Page 1 of 2 1 2 LastLast
Results 1 to 15 of 17

Thread: How can we measure the degree of agreement between two judges?

  1. #1
    Custom Title Mathman's Avatar
    Join Date
    Jun 2003
    Location
    Detroit, Michigan
    Posts
    28,179

    How can we measure the degree of agreement between two judges?

    Under the CoP the judges’ protocol sheets contain so much data that it is hard to know how to get started in addressing the question of whether two judges see things pretty much the same way or not.

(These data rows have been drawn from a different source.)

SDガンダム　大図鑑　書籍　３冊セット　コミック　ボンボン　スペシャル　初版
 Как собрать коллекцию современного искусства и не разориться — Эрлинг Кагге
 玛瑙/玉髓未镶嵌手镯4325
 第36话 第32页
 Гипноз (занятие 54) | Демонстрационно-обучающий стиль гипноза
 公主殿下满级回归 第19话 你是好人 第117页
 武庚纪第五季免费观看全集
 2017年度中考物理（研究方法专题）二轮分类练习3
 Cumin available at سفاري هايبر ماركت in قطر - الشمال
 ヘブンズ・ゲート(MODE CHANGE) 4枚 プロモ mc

    When judging is not anonymous, there is an easy way it to do it. Convert each judges’ scores to ordinals. Then compute something called the “Spearman rank correlation coefficient.”

    Here is how to do it.

    ..................RUS....…FRA..difference..d squared

    Yagudin.........1..........2..........1..........1
    Plushenko......2..........3..........1..........1
    Goebel..........3..........1..........2..........4
    Honda..........4...........4..........0..........0

    Total............................................. .6

    Now compute r = 6 times (sum of the squared differences) divided by nx(n^2-1)

    = (6x6)/(4x15) = .6

    This is 60% correlation.
    Last edited by Mathman; 09-11-2010 at 10:59 PM.

  2. #2
    Skating is art, if you let it be. Blades of Passion's Avatar
    Join Date
    Sep 2008
    Location
    Hollywood, CA
    Posts
    3,990
    I know this isn't the point of the thread, but are those ordinals actually real? I don't think it's ever happened that a judge scored Goebel over both Yagudin and Plushenko at a competition.

    We should look at a CoP competition before the protocols became randomized for each judge and see how it compares to 6.0 judging.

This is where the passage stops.